The farmer, though, can turn to his fields and say, “In you, I have found meaning. The ground under my feet needed to be tilled, and so I tilled it. In the steady tilling of the field, I discovered the way in which God gently kneads my soul, working in me so that I may be tender enough for seed to grow. Then the ground needed planting, and so I planted. In the steady dropping of seeds, I discovered the way in which God drops tiny, almost meager scraps into our lives, that grow into the most meaningful of experiences. Then the crops needed watering, and so I watered them. In the steady watering of the crops, I discovered how God will give us just what we need to grow, in the manner in which God calls us.


“And I did not just live when the harvest came in. My life was there in the tilling, to be celebrated because I am alive. My life was there in the planting, to be celebrated because I am bringing in new life. My life was there in the watering, to be celebrated because even with all I could do, I remained dependent on the mercy of God for every day.”

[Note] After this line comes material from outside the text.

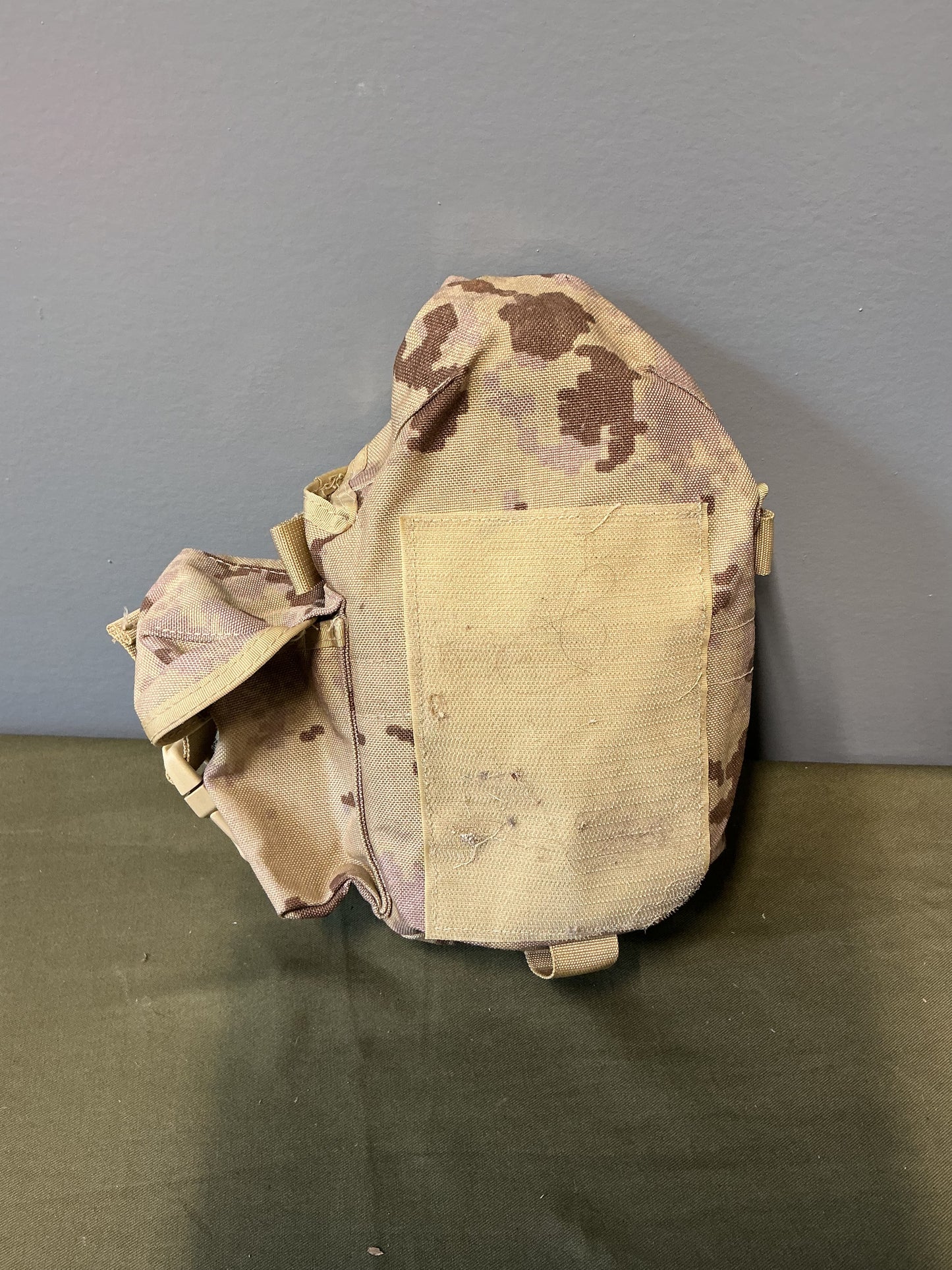 Canadian Forces Arid CADPAT Canteen Cover and Canteen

What lie has infected my soul so as to turn me from this simple truth? Why have I surrendered the happiness that could be mine in each day, in order to obtain some vague happiness in the future? Why am I so afraid to leave it behind, and to embrace happiness every day?


My foot finally pressed down on the pedal before me, and I began my journey once again. My goal lies before me, spread out emotionally ad infinitum. But now, I lie past the point of no return. I only pray that I will not turn back.



Almost as a test to my devotion to my newfound appreciation for happiness, God began to set the sun in the most beautiful way, between two distant hills, just seven miles into my journey. I pulled to the side of the road, and put down my bike, knowing that though I had given up accomplishing my specific goal, that here was a moment for happiness. I sat in the dirt, pulled out my dear friend Rosie, and began to play a song as my friend the sun went to sleep.

Day 10: Nineteen hundred and eighty-six miles to home. Maybe only a few more to me.